Work instruction
Retype each entry below exactly. Do not carry any image over.

Data entries:
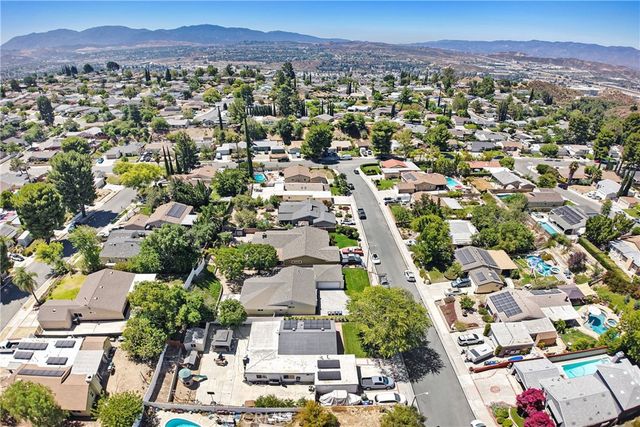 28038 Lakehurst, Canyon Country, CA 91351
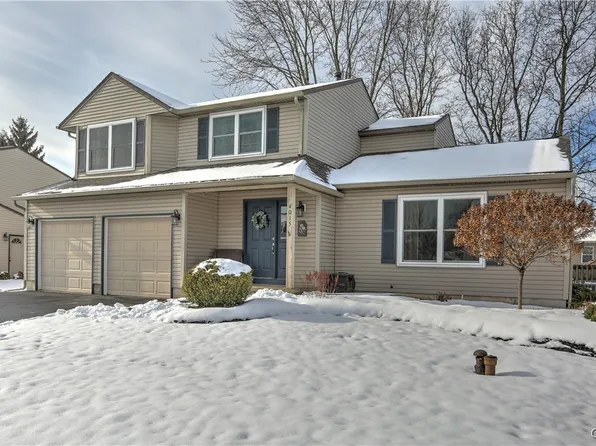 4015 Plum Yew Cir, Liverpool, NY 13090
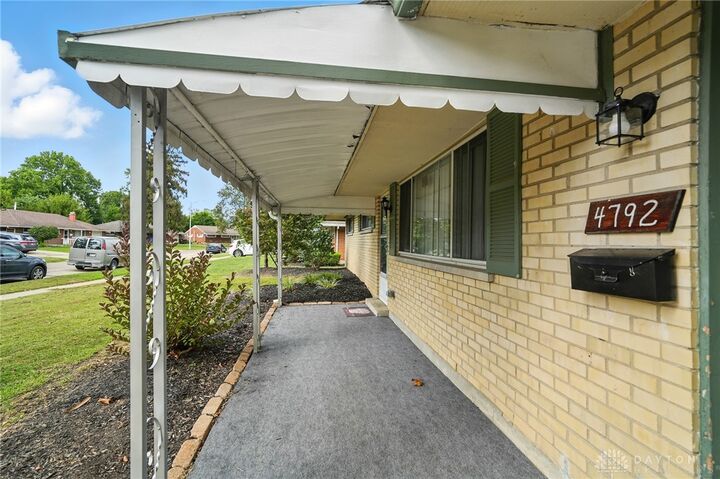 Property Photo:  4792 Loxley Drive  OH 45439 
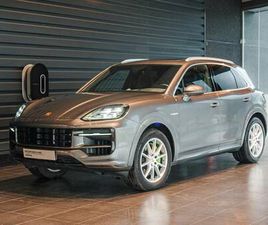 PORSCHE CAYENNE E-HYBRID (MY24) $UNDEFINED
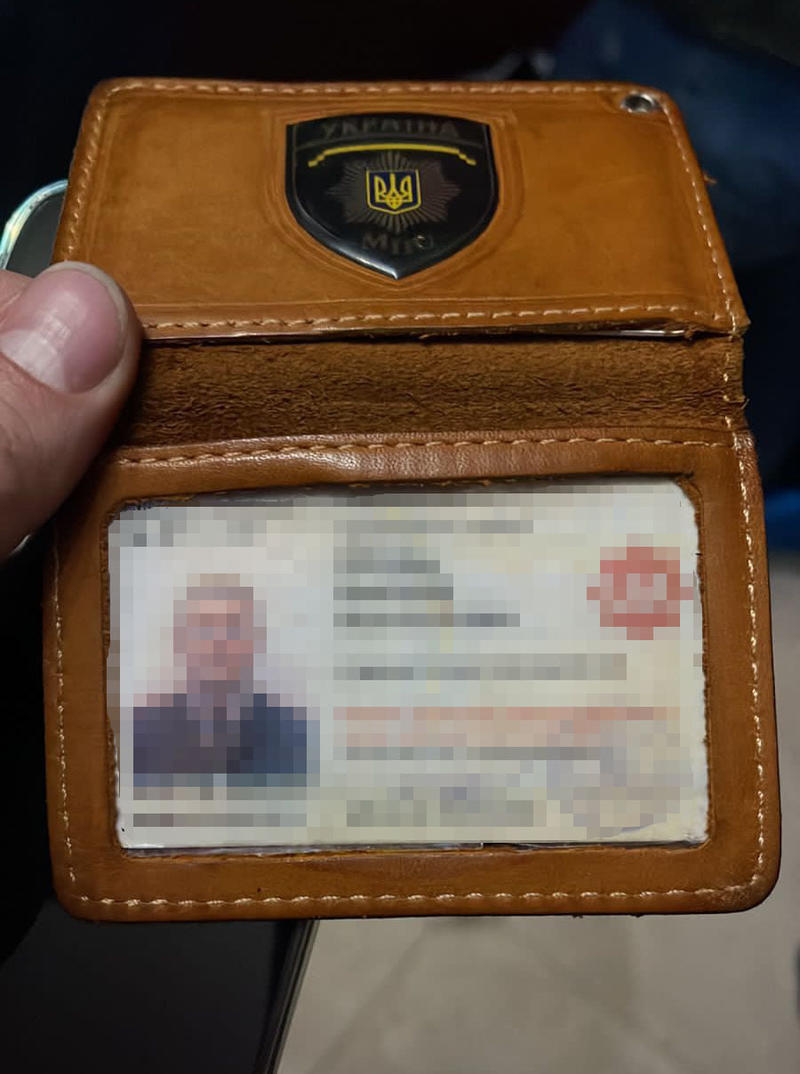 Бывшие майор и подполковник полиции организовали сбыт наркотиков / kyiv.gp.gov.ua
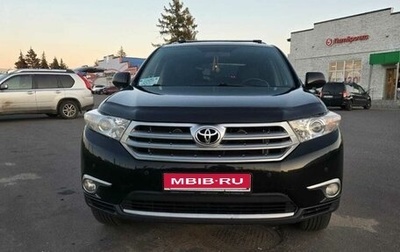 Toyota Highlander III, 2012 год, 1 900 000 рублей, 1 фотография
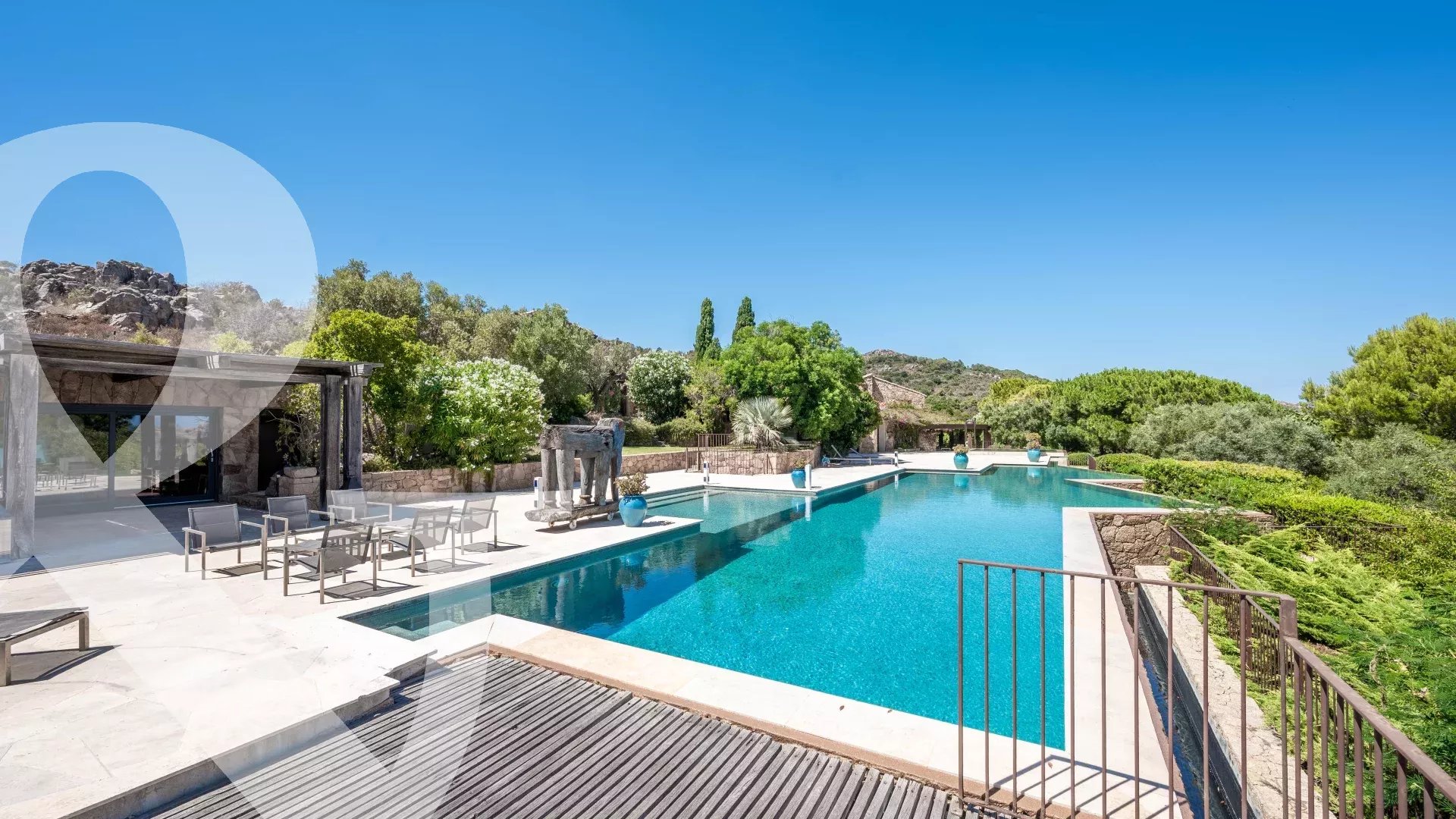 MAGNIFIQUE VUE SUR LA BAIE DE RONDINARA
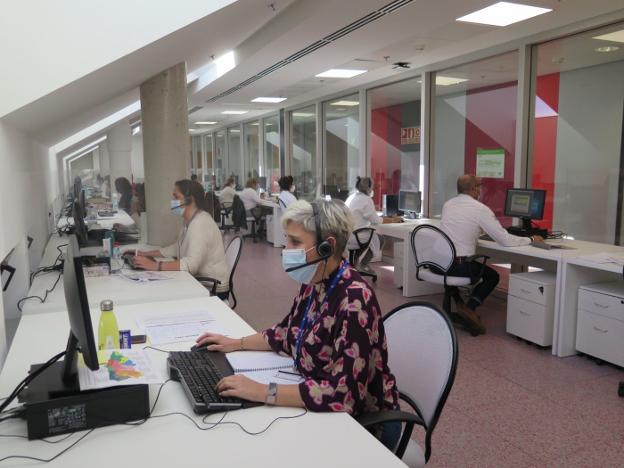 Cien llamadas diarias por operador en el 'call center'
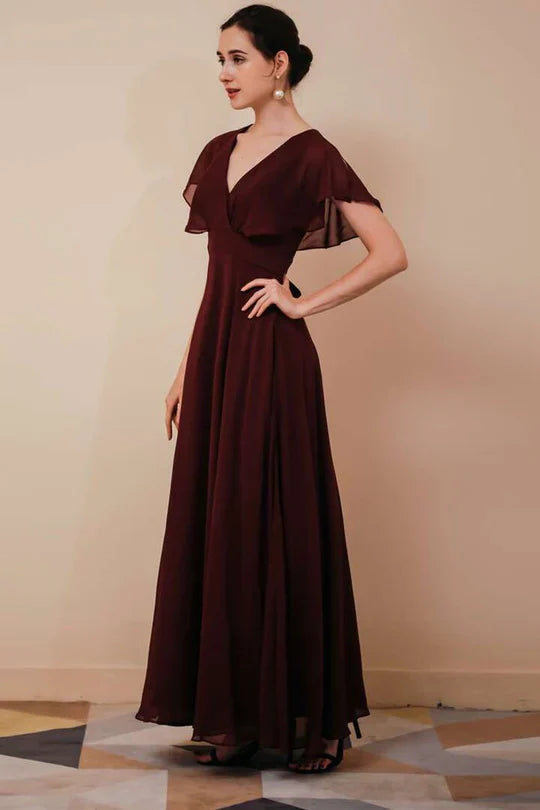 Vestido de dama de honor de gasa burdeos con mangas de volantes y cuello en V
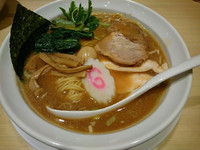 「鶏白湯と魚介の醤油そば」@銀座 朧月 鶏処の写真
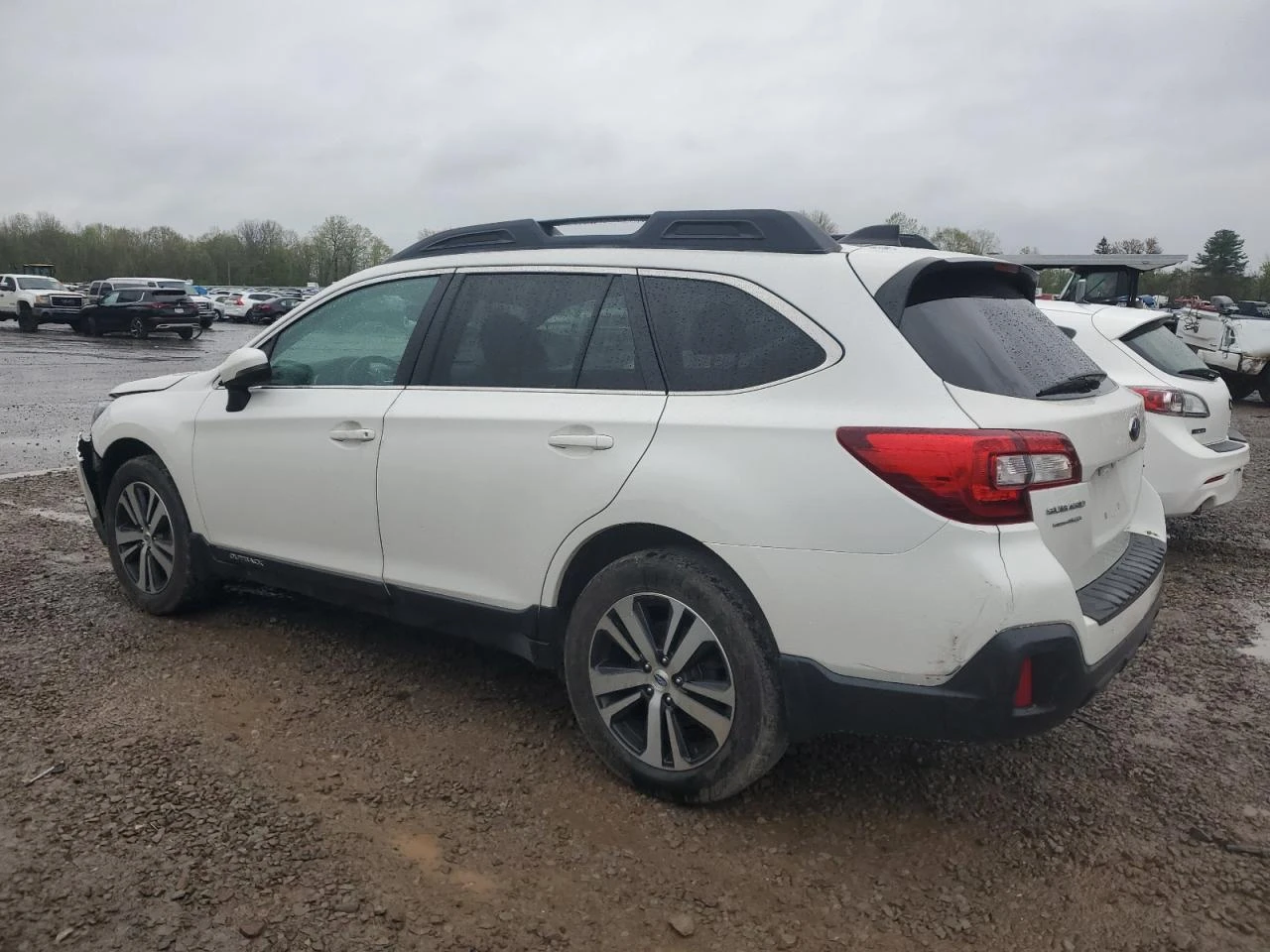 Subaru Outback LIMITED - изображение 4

Output of the exercise
 28038 Lakehurst, Canyon Country, CA 91351
 4015 Plum Yew Cir, Liverpool, NY 13090
 Property Photo:  4792 Loxley Drive  OH 45439 
 PORSCHE CAYENNE E-HYBRID (MY24) $UNDEFINED
 Бывшие майор и подполковник полиции организовали сбыт наркотиков / kyiv.gp.gov.ua
 Toyota Highlander III, 2012 год, 1 900 000 рублей, 1 фотография
 MAGNIFIQUE VUE SUR LA BAIE DE RONDINARA
 Cien llamadas diarias por operador en el 'call center'
 Vestido de dama de honor de gasa burdeos con mangas de volantes y cuello en V
 「鶏白湯と魚介の醤油そば」@銀座 朧月 鶏処の写真
 Subaru Outback LIMITED - изображение 4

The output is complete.